The article passed PLOS One’s criteria for publication, and though many have complained about attributing the complexity of human hand movement to the “Creator,” the observations and scientific data contained in the article have not been disputed.
The theory of evolution regarding the present existence of life in all its diversity and complexity is that life, in whatever form, is the random product of a mindless process that began by accident. Creationism holds that life in all its present diversity and complexity is the result of a creative process of intelligent design, and is neither random, mindless, nor accidental.
Whether one believes in evolution or creation is just that, a matter of belief, because neither one can be proved or disproved scientifically.
What we see in the reactions to this article is the bias in the scientific community to an admission of intelligent design and the possibility of a Creator. No one has questioned the scientific observations in the article.

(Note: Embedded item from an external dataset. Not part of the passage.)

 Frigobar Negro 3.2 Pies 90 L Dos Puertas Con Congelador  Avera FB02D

What has been questioned, even vilified, is the idea that the human hand owes its complex and coordinated movement to an intelligent Designer.
Science has often ridiculed some religious beliefs as being mere superstition, an attempt to make sense out of the unexplainable, the mysterious. What scientists are unwilling to admit is their theories without supporting evidence are just modern day superstitions couched in scientific language.

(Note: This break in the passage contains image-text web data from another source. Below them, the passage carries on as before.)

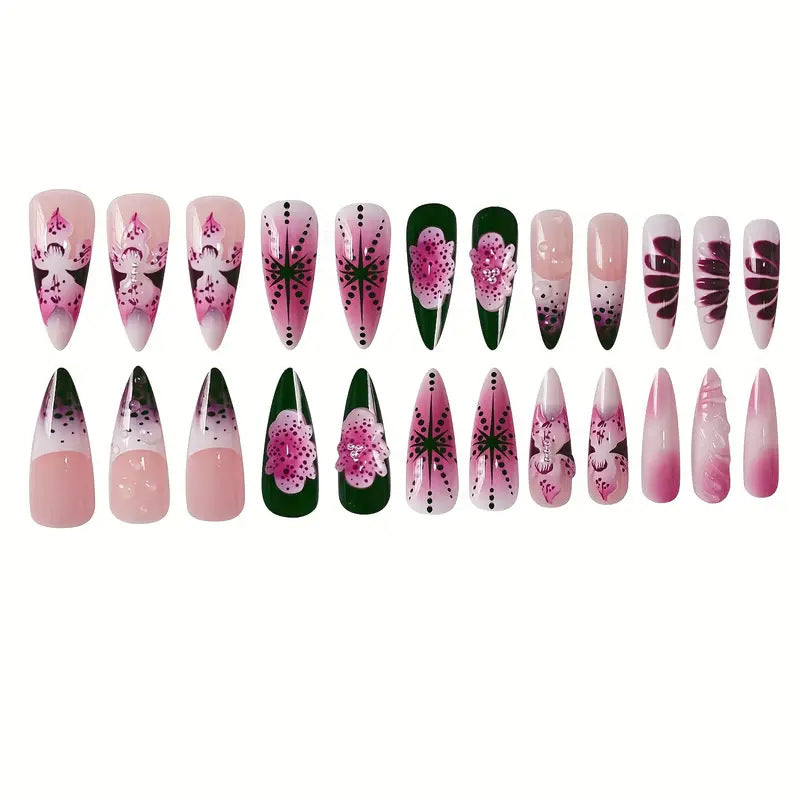 Premium Decorative Stiletto Press-On Nail Art Bowlift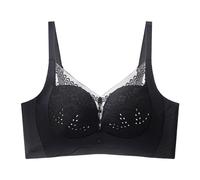 MOONBADI Push up Bra The Ultimate Comfort Bra Lace Plus Size Non Wired Smooth and Sleek Microfiber Black for Women 34C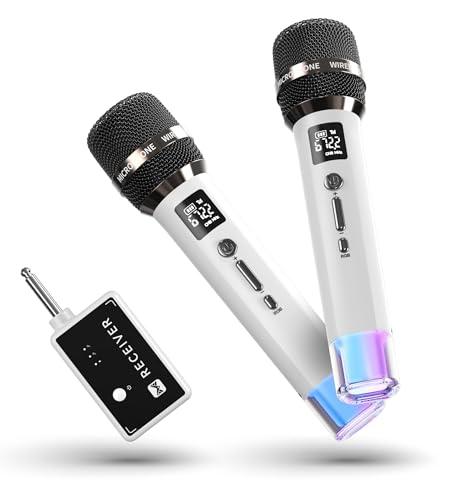 ECHOMUSSY Microfoni Wireless, Microfono Con Connessione Chip One-To-One E Luci LED, Durata 40 Ore, Portata Di Ricezione 200 Piedi, Controllo Del Volume, Microfono Karaoke Per Canto, YouTube/TikTok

Scientific theories about how the universe and life began are attempts to satisfy our curiosity about those events, but the whole scientific community is not in possession of a single observable fact about either. Their theories are just scientific superstitions and the scientific community is as devoutly faithful to its superstitions as the Christian community is to its beliefs.
Science is the study of the natural order through direct observation in the field and experimentation in the laboratory. Christian faith is the study of man’s relationship with God, lost in the fall and restored in the Atonement. There are subject areas where science and the Scriptures overlap, but I am not aware of a single contradiction between the two.
“The fool has said in his heart ‘There is no God,’” Psalm 14:1. It seems to me the scientific community ought to cut this article some latitude, especially when it cannot disprove the existence of God, a subject entirely beyond its scope of inquiry. It is simply foolish of the scientific community to insist on adherence to its superstition here.